**STORED DATA:**
.....

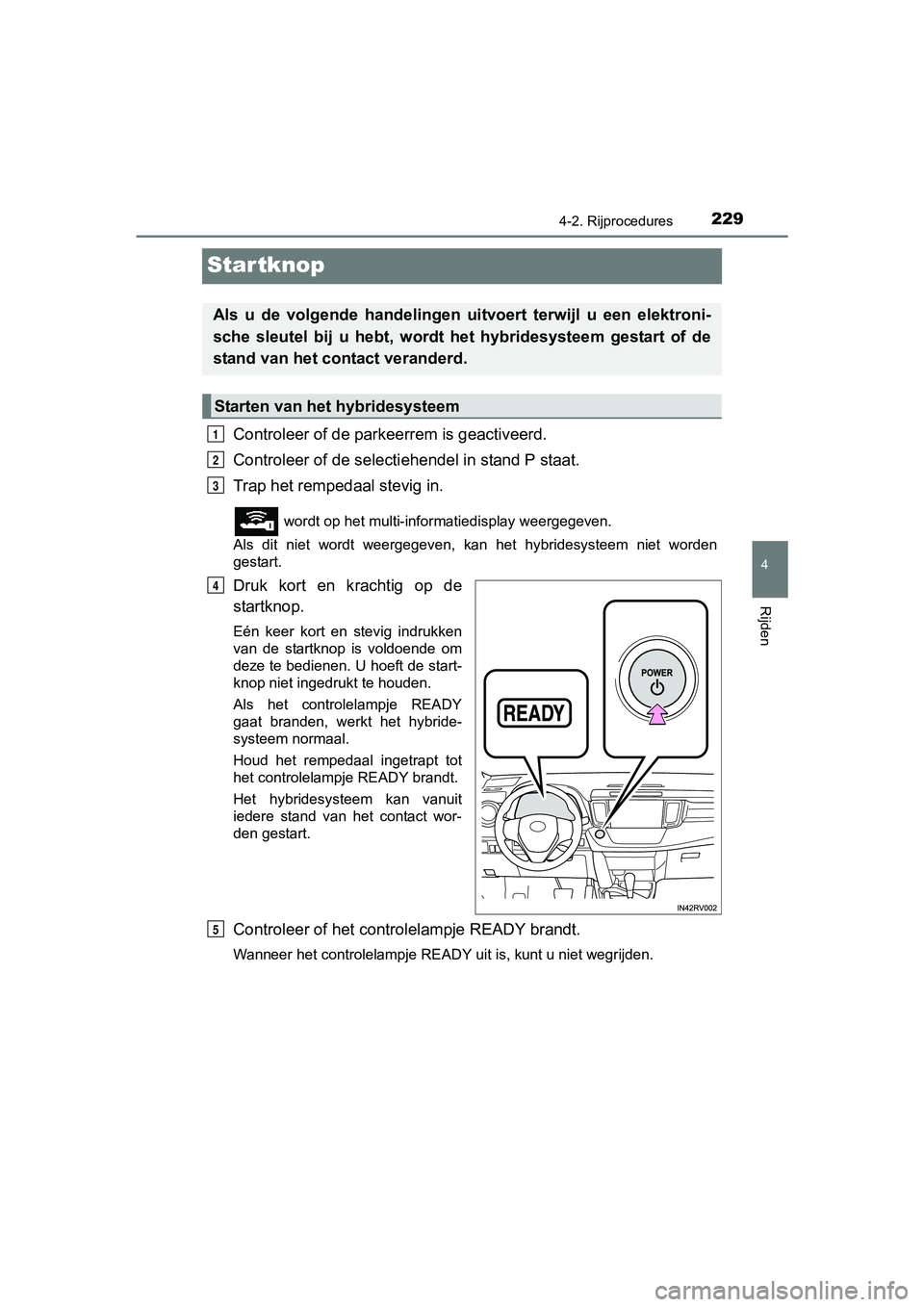 TOYOTA RAV4 HYBRID 2017 Instructieboekje (in Dutch) 229
4
4-2. Rijprocedures
Rijden
RAV4-HV_OM_OM42B04E_(EE)
Startknop
Controleer of de parkeerrem is geactiveerd.
Controleer of de selectiehendel in stand P staat.
Trap het rempedaal stevig in.
wordt op TOYOTA RAV4 HYBRID 2017 Instructieboekje (in Dutch) 229
4
4-2. Rijprocedures
Rijden
RAV4-HV_OM_OM42B04E_(EE)
Startknop
Controleer of de parkeerrem is geactiveerd.
Controleer of de selectiehendel in stand P staat.
Trap het rempedaal stevig in.
wordt op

.....

**ABOUT THIS TASK:**
Exclude the images, then output the data above word for word.

**TASK SOLUTION:**
 TOYOTA RAV4 HYBRID 2017 Instructieboekje (in Dutch) 229
4
4-2. Rijprocedures
Rijden
RAV4-HV_OM_OM42B04E_(EE)
Startknop
Controleer of de parkeerrem is geactiveerd.
Controleer of de selectiehendel in stand P staat.
Trap het rempedaal stevig in.
wordt op TOYOTA RAV4 HYBRID 2017 Instructieboekje (in Dutch) 229
4
4-2. Rijprocedures
Rijden
RAV4-HV_OM_OM42B04E_(EE)
Startknop
Controleer of de parkeerrem is geactiveerd.
Controleer of de selectiehendel in stand P staat.
Trap het rempedaal stevig in.
wordt op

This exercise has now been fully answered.